Tierra Adentro

Con sangre habrá de hacerse una cruz

en el dorso de tal serpiente y entonces surgirá la princesa 

en toda su olímpica belleza en el seno de sus tesoros y 

las maravillas de su ciudad.

Gilberto Antolínez

I

Dolores Guanipa, mejor conocida en el pueblo como La Dolorita, salió un mediodía cerrero de espinas encrespadas a buscar agua en el remanso de Curimagüa con su hermano Balbino y no regresó sino mucho tiempo después. Atravesó este reino de dátiles amargos en los brazos huesudos de dos seres casi diminutos —como dijo después su hermano—  por las aguas mansas de aquel ojo cristalino que escondía otras regiones más allá del espíritu.

Contó Balbino, un poco azorado y con lágrimas que se le enredaban en la cara como una madreselva, que él solo la oyó decir Manito me llevan, Manito ayúdame que me llevan. Su tontera en el momento del rapto se debió a que desde la superficie traslúcida del agua, un brillo de moneda contra el sol lo dejó ciego y confundido. 

Detrás del eco que arrojó La Dolorita en el aire, tras invocar a las iguanas del monte en busca de ayuda y con el sopor caliente del camino quemándole la espalda, escuchó Balbino un reguero de pasos acelerados arrastrando piedras que se le metió profundo en los oídos como una plegaria a San Judas Tadeo. 

Cuando recuperó la visión el adolescente con manos de orangután, no quedaba ni rastro de La Dolorita sobre las enardecidas piedras del estanque.
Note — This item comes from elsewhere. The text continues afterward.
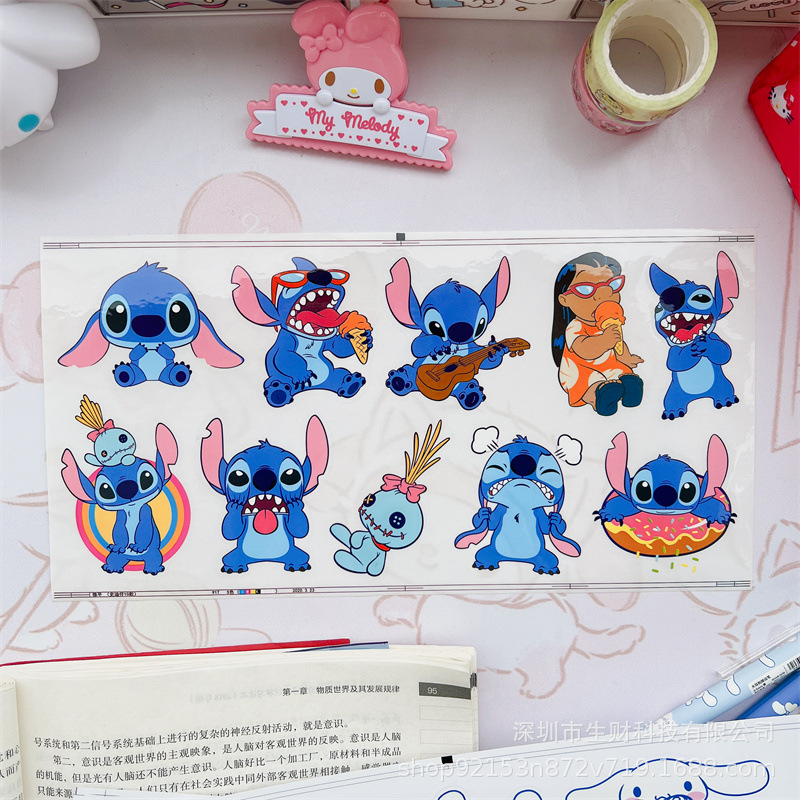 Etiqueta engomada de la tarjeta Gú de la cuenta de mano grande, impermeable y sin costuras, taza de agua linda transparente, taza termo, cuaderno, etiqueta engomada de la placa Gú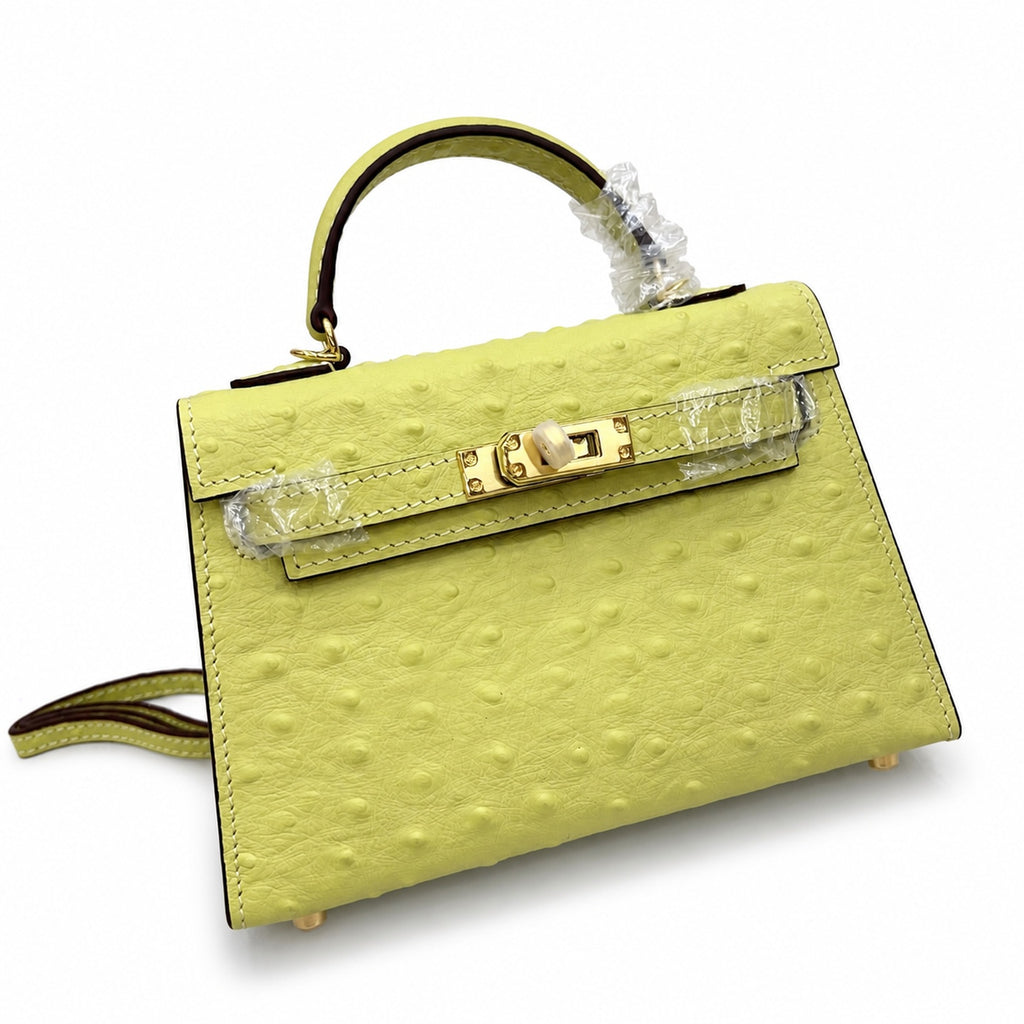 Mini Kelly II 19cm Sellier Jaune Poussin Ostrich Gold Hardware Luxury Mini — Timeless Mini Top-Handle Design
Apenas unas burbujas pequeñas emergían del fondo de aquella fuente como un mensaje escrito por ese dios de trenzas de rabo e’ ratón que aquel muchacho ahíto de inocencia jamás pudo entender. Leer el dibujo que hacía el cordón de las nubes en el cielo, las piruetas del aire en el patio y los mezquinos caprichos del agua era cosa de su hermana, un don que las viejas del Santo Peñascal le habían heredado.         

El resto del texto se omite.